Americans Are Willing To Trample One Another To Get Their Hands On Cheap Foreign-Made Plastic Crap Even As The United States Turns Into A Post-Industrial Wasteland

Tuesday, November 30, 2010
By Paul Martin

The American Dream
Nov 30, 2010

As this latest Black Friday clearly demonstrated, Americans are literally willing to trample one another to get the best deals on cheap foreign-made plastic crap. Meanwhile, as thousands of factories and millions of jobs continue to get shipped overseas, the United States is rapidly turning into a post-industrial wasteland. Once great manufacturing cities such as Camden, New Jersey have become crime-ridden, gang-infested hellholes. In some U.S. cities, the “real” unemployment rate is around 30 or 40 percent. The American people desperately need jobs, but the American people are also showing no signs that they plan to give up their addiction to cheap foreign goods. Our politicians keep insisting that the American people just need “more education” and “more skills” in order to compete, but they don’t ever seem to explain how more education and more skills are going to make new jobs pop into existence out of thin air. The truth is that the American Dream is rapidly becoming the American Nightmare and there is not much hope that any of this is going to turn around any time soon.

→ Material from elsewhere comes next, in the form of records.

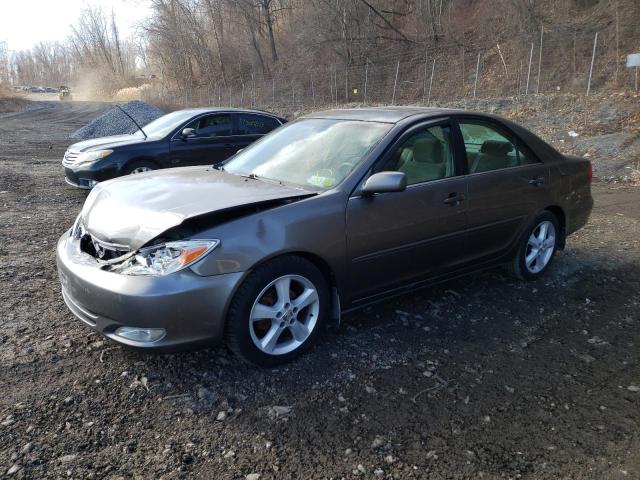 TOYOTA CAMRY LE 2002 with VIN 4T1BF32K52U521794 - Photo from auction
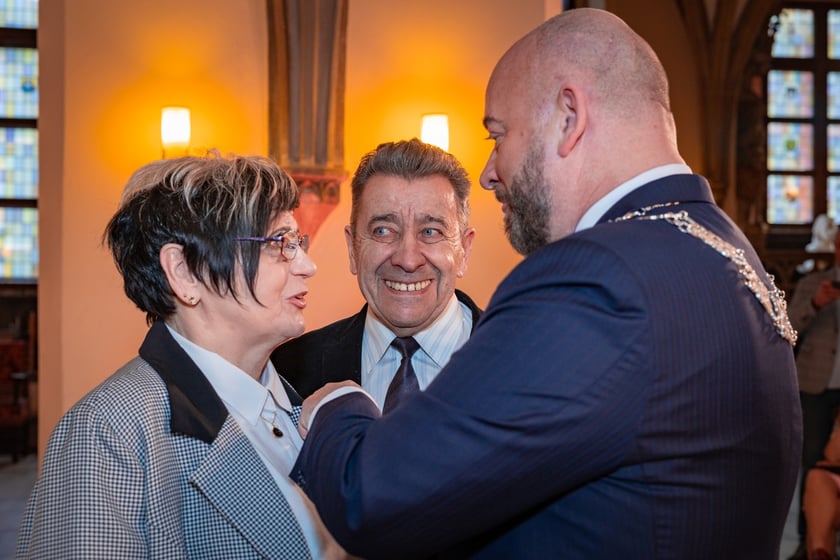 Uroczystość wręczenia medali za Długoletnie Pożycie Małżeńskie w Ratuszu we Wrocławiu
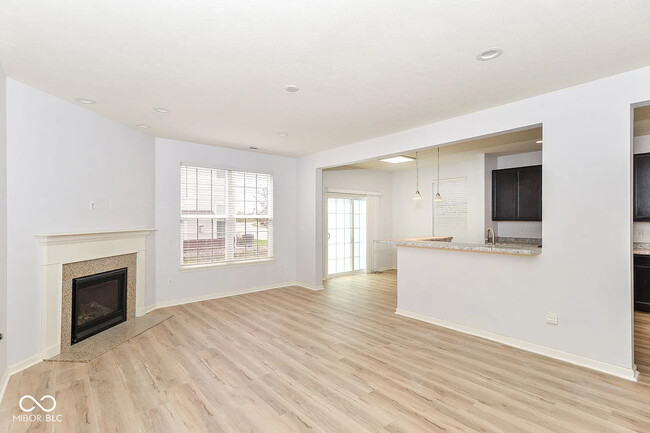 Building Photo - 9651 Calamus Dr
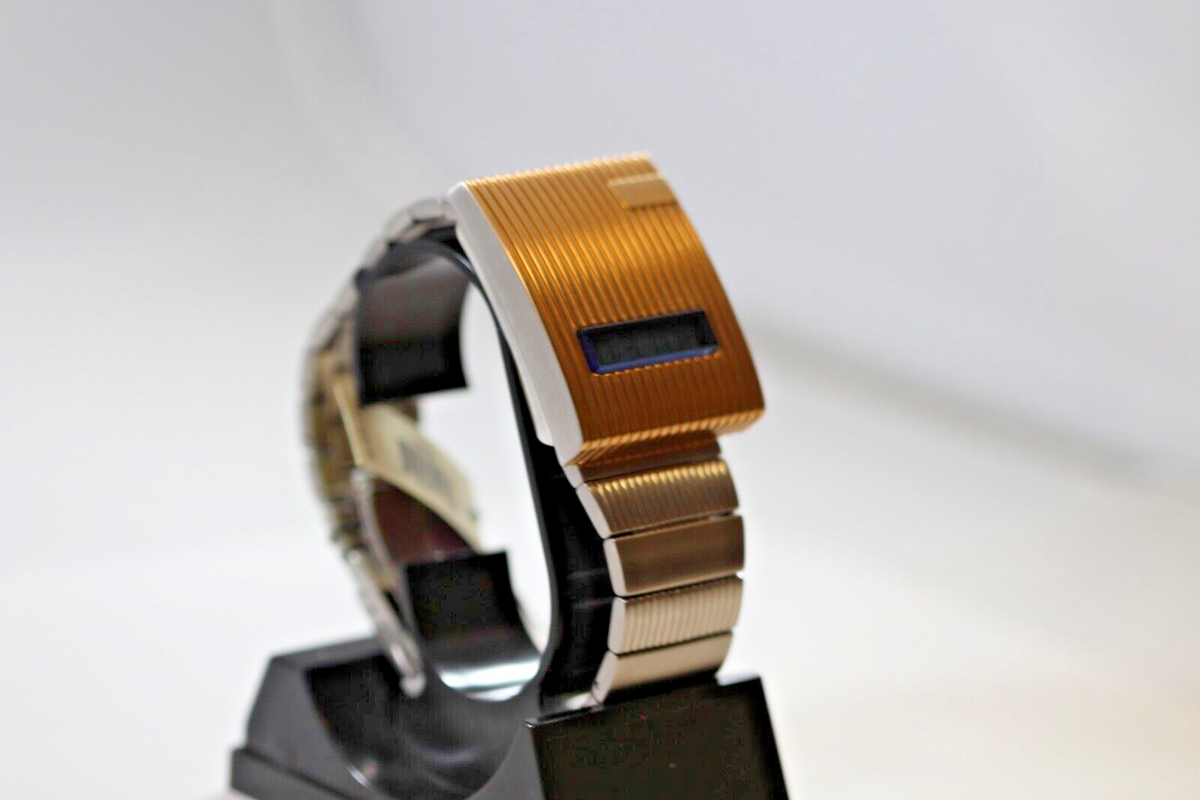 激レア 美品 Penguin メタル 腕時計 PGN0057 デジタル ウォッチ 激レア 美品 Penguin メタル 腕時計 PGN0057 デジタル ウォッチ 2025年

The video posted below is a compilation of video footage from this past Black Friday. It is absolutely shocking to see what average Americans will do to each other just to save a little bit of money on cheap foreign-made goods….

The Rest…HERE

Very few of the Americans in the video posted above probably even realize that this behavior is destroying our economy a little bit more every day.

Proponents of outsourcing point to all the cheap goods filling our stores as a good thing, but they never tell us about all the good paying American jobs that have been lost.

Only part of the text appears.